Medical records are generally considered the property of the physician (although patients always have a right to access the information they contain). In other words, medical records are assets of the physician's practice. Furthermore, Texas law says records of the identity, diagnosis, evaluation, or treatment of a patient created or maintained by a physician are confidential and privileged and may not be disclosed except as provided by law. There are a number of exceptions to this general prohibition, such as the ability to share medical information with another physician or other personnel acting under the direction of the physician who participate in the diagnosis, evaluation, or treatment of the patient. However, there is no exception in the law to permit disclosure to secured parties.

Should a physician default on a loan secured in the property of the practice, the secured party (bank) can then enter the practice and seize all of the assets of the practice, including the medical records . That is what the physician agreed to permit. This places the physician in a particularly precarious legal position. The physician is under an obligation to provide medical services to patients, which can be impossible without medical records, and to see that the records are kept confidential. Should a patient be harmed from the secured party's seizure of the medical records, the physician may be held liable. Also, because the medical records are now in the possession of a nonphysician party without the patient's consent, a physician may be liable for the unauthorized disclosure of medical records. Although unlikely, the Texas State Board of Medical Examiners (TSBME) could discipline a physician for a breach of the duty to maintain the confidentiality of medical records.

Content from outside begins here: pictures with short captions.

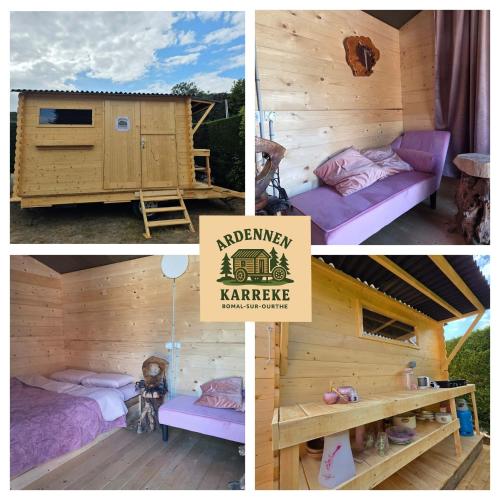 a collage of pictures of a karaoke cabin at Ardennen Karreke in Durbuy
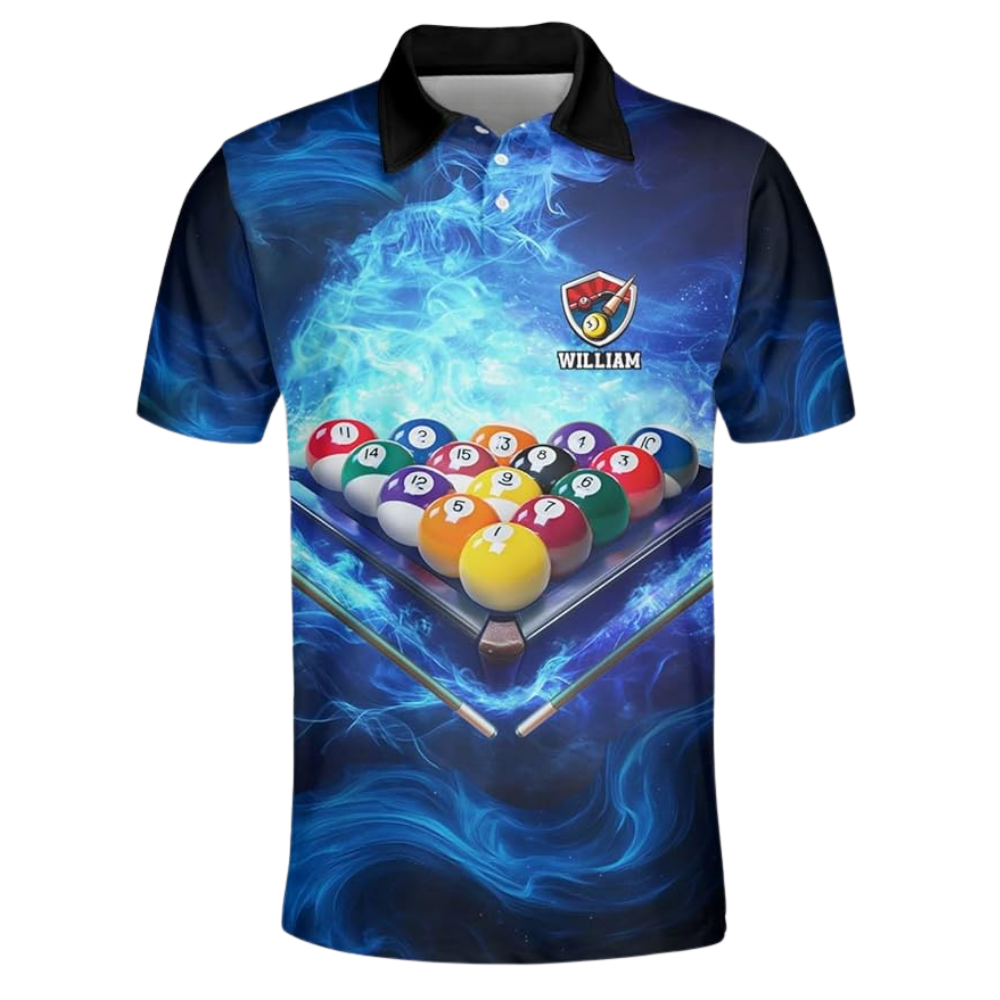 Custom Blue Flame Smoke Billiard Team Polo Shirt For Mens, Custom Flame Billiards Team Shirts BIZ0116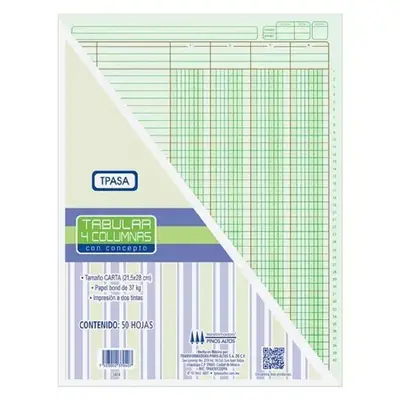 Tabular 4 columnas con concepto Pinos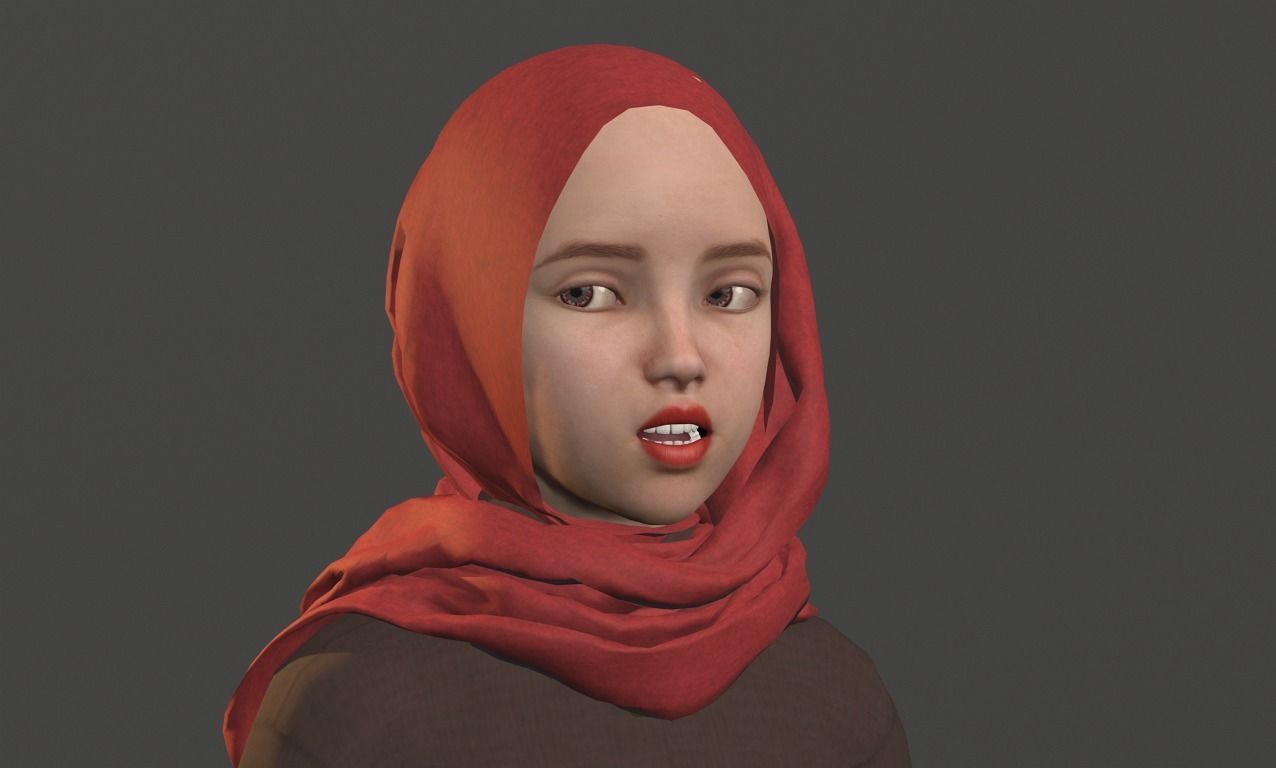 Sofia in hijab - Disney Style 3D model_2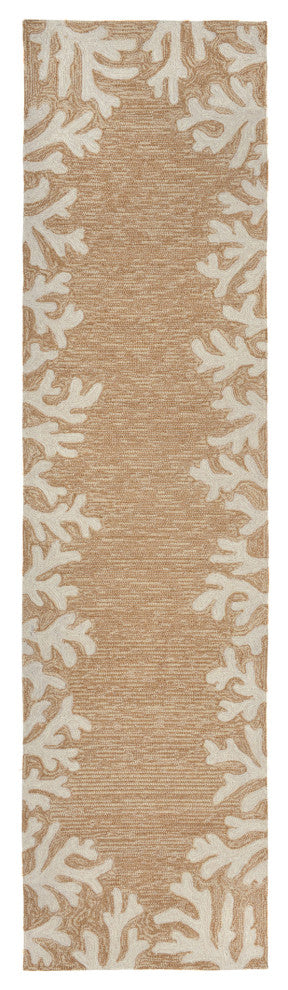Capri Coral Border Indoor/Outdoor Rug, Neutral, 2'x5'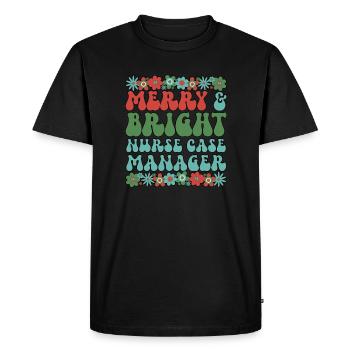 RN Case Manager Christmas Nurse Case Manager Xmas - Men's Premium Organic T-Shirt - black - Front - Nico (187cm)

This conundrum can arise in other situations. For instance, physician practices have only limited space at the primary practice site for storing records. To satisfy TSBME rules that medical records be kept for seven years from the last date of treatment (or, for minors, seven years from the last date of treatment or until the patient reaches age 21), physicians often keep a large number of medical records in storage facilities. Storage facilities have the right to seize and sell the contents of storage lockers if the "renter" defaults on the storage fees. Here, again, the records can end up in the hands of a nonphysician, leading to possible civil liability and administrative action.

When obtaining business loans, physicians may wish to consider ensuring that the definition of "assets" expressly excludes medical records and guarantees access to them. Further, if medical records are in storage facilities, great care should be taken to ensure the storage fees are kept current.

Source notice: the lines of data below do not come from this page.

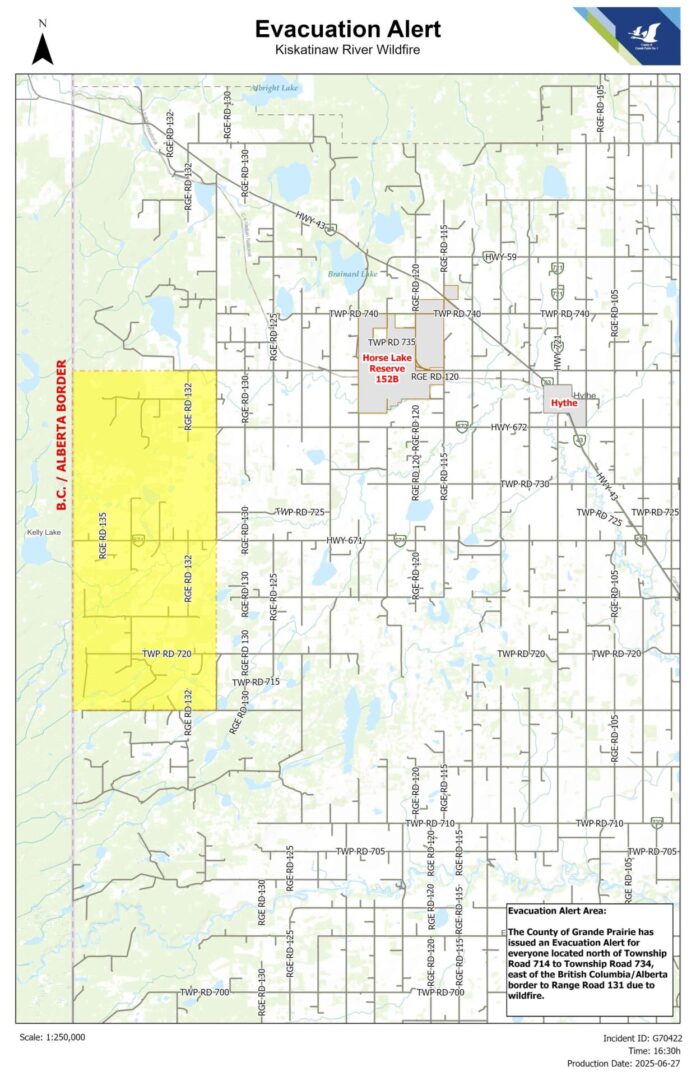 A section of the county is under evacuation order due to a wildfire at the border. (Supplied, County of Grande Prairie)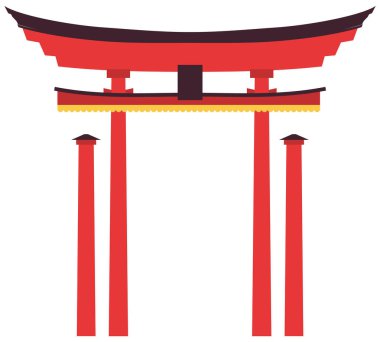 Japon kapısı beyaz, Torii kapısı, Japon kapısı. Çin ve Japon mimari tapınağı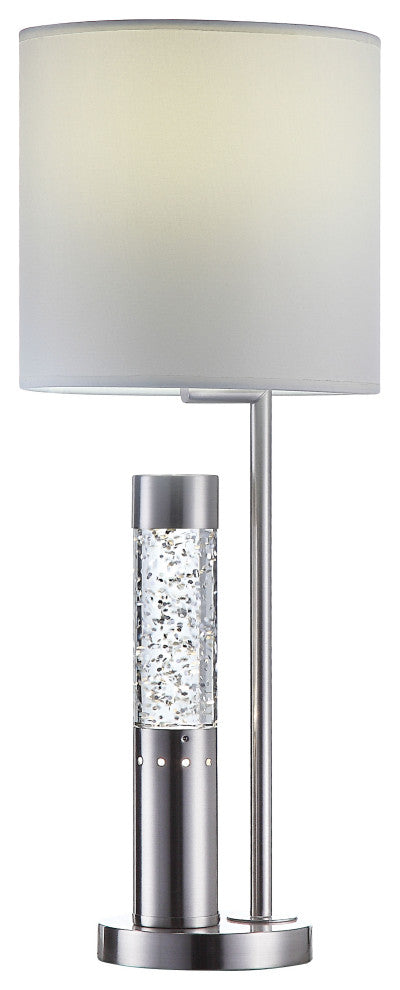 Metal Base Table Lamp with LED Glass Tube and Drum Shaped Shade,Silver and White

A physician should hire an attorney if a lender or storage facility seizes medical records. The lender's position on seizing medical records may change when the physician's legal counsel explains that the lender may be named in any lawsuit for damages if a patient is harmed because the physician is prevented from accessing the patient's medical information.

As always, it is advisable to seek legal advice from an attorney before signing any contract.